When Contaldi kicked the recycling bin
near the sports car, Freitas allegedly slapped the boy and yelled,
"Don't you know that is city property, you idiot!" A friend of
Contaldi's then pushed Freitas to the ground and the group of boys ran
down Medford Street, the complaint says.
Freitas, and six police
officers responding to a call for an attack on an officer, tracked the
boys down in the backyard of 33 Dartmouth St. and, according to to
Contaldi's lawyer, handed out some "curbside punishment" on the kids.
Officer
Alan Monaco allegedly pushed Contaldi's face into the gravel and yelled
at him, "Don't you realize you hit a cop?" Freitas then struck
Contaldi, who was in handcuffs, in the face with a flashlight or a
nightstick, the complaint alleges.
Contaldi and three other
juvenile boys were arrested and charged with assault and battery on a
police officer. Contaldi was found not guilty of the charges at his
trial. According to his lawsuit, the seven police officers gave
conflicting accounts of the incident when they testified.
"Instead
of following our system of justice it appears these Somerville police
officers followed the rules of street justice," said Contaldi's
attorney, Howard Friedman. "They all worked together to give Mr.

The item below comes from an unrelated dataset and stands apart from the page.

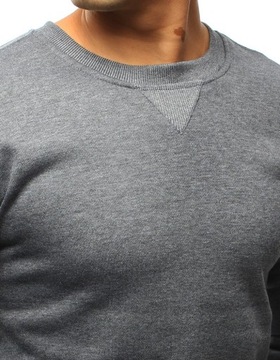 МУЖСКАЯ КЛАССИЧЕСКАЯ ГЛАДКАЯ ТОЛСТОВКА bx4823 - M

Freitas a chance to assault a prisoner and that is totally wrong."
The
lawsuit alleges that police officers Robert Kelleher, Kevin
Shackelford, Bruce Campbell, Clifford Mansir and James Hodgdon were at
the scene of the incident and permitted the beating.
Deputy
Chief Paul Upton directed questions to the city's law office. City
spokesman Tom Champion did not return repeated calls for comment.
The complaint asks for punitive damages to be awarded to Contaldi, but does not specify an amount.